When the query belongs to the legal/medical/financial domain, or the complexity score exceeds 0.7, the system triggers deep detection:

1. Use GPT-4o-mini to generate two different formulations of the same question
2. Send three versions of the question (original + two rewrites) to the target model in parallel
3. Calculate the average cosine similarity of the embedding vectors of the three responses
4. Variance = 1 - average similarity

If the variance exceeds the threshold θ=0.35, it is marked as a high-risk hallucination.

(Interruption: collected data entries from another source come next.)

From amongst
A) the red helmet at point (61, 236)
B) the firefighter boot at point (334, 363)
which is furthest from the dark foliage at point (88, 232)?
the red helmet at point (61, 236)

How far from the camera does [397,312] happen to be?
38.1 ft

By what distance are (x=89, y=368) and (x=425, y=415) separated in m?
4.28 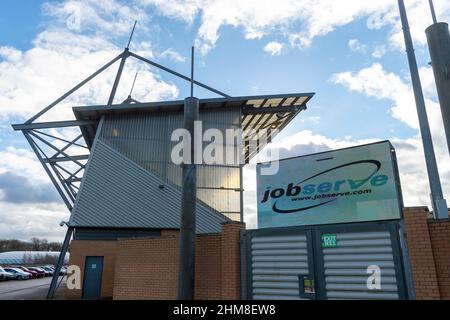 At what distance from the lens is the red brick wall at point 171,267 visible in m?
10.3

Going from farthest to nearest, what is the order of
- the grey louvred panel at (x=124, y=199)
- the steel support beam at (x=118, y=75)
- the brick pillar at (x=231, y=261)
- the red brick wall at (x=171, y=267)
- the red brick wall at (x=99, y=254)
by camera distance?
the steel support beam at (x=118, y=75) → the grey louvred panel at (x=124, y=199) → the red brick wall at (x=99, y=254) → the red brick wall at (x=171, y=267) → the brick pillar at (x=231, y=261)

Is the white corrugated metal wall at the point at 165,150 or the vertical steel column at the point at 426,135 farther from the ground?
the white corrugated metal wall at the point at 165,150

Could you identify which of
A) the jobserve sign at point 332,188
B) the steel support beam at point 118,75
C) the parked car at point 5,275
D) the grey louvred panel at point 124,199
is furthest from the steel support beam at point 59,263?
the parked car at point 5,275

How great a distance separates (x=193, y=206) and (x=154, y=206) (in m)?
12.2

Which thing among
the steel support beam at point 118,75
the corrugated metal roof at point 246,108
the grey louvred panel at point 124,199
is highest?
the steel support beam at point 118,75

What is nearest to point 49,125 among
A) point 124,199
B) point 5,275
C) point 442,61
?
point 124,199

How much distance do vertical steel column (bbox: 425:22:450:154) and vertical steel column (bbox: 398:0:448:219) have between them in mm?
3062

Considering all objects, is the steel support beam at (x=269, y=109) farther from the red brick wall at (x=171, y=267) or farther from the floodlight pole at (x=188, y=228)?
the floodlight pole at (x=188, y=228)

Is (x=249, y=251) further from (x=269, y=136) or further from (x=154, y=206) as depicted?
(x=269, y=136)

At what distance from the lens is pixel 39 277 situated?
49.6 metres

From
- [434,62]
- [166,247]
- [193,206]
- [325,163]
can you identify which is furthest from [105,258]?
[434,62]

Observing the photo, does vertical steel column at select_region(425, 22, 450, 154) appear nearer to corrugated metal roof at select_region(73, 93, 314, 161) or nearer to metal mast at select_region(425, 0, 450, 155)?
metal mast at select_region(425, 0, 450, 155)

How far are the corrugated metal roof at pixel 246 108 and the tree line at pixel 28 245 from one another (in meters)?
126

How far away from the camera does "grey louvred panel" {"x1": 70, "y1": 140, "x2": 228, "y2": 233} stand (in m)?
21.6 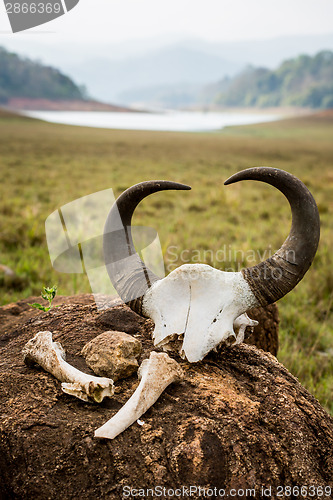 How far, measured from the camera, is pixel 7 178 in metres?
15.1

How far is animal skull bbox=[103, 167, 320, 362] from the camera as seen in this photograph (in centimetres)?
227

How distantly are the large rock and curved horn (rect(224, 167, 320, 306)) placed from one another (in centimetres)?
53

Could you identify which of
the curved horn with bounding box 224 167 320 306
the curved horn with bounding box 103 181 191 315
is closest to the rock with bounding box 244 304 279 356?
the curved horn with bounding box 224 167 320 306

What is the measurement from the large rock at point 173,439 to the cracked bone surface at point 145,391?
0.18 feet

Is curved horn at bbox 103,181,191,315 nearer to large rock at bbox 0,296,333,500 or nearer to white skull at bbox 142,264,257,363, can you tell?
white skull at bbox 142,264,257,363

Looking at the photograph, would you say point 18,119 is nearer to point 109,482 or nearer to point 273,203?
point 273,203

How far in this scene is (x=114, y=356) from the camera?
88.3 inches

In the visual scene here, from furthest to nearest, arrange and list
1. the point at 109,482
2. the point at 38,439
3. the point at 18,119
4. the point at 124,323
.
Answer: the point at 18,119 < the point at 124,323 < the point at 38,439 < the point at 109,482

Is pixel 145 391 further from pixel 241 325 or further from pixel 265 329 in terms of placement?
pixel 265 329

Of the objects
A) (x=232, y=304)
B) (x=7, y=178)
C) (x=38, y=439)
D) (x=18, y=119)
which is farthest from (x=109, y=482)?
(x=18, y=119)

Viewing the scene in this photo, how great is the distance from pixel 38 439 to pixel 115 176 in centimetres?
1475

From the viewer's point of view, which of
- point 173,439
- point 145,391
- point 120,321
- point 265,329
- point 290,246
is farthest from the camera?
point 265,329

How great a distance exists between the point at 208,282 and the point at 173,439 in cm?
87

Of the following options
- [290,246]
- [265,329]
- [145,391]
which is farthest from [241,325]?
[265,329] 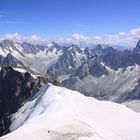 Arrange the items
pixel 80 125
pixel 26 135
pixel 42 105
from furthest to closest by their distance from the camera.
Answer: pixel 42 105
pixel 80 125
pixel 26 135

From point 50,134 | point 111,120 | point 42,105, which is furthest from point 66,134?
point 42,105

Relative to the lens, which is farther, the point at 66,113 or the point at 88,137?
the point at 66,113

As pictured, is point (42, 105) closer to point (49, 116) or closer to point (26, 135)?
point (49, 116)

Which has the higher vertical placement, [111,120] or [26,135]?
A: [26,135]

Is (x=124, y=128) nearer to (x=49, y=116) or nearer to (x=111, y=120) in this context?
(x=111, y=120)

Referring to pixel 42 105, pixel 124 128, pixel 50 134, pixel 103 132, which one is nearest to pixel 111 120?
pixel 124 128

This threshold is not arbitrarily set; it is calibrated offline via the DoWhy library and confirmed for its causal rationality through placebo treatment refutation tests.

## Risk Level Merging

The final risk level takes the larger value between domain risk and detection risk: the legal/medical domain is naturally high risk, the financial domain is medium risk; rewrite variance detection triggers high risk, and hedge phrase detection triggers medium risk.

## Semantic Caching: Zero-Cost Hits

Aegis implements an in-memory cache based on sentence-transformers/all-MiniLM-L6-v2. The threshold is set to 0.85 (instead of 0.95, which has a hit rate below 1% in practice). When the cache is hit, the response time is about 5 milliseconds, with zero cost.

The embedding model instance is shared between the cache and the hallucination detector, avoiding repeated loading of approximately 90MB of model weights. The cache resets with server restart (a design choice for the demo environment).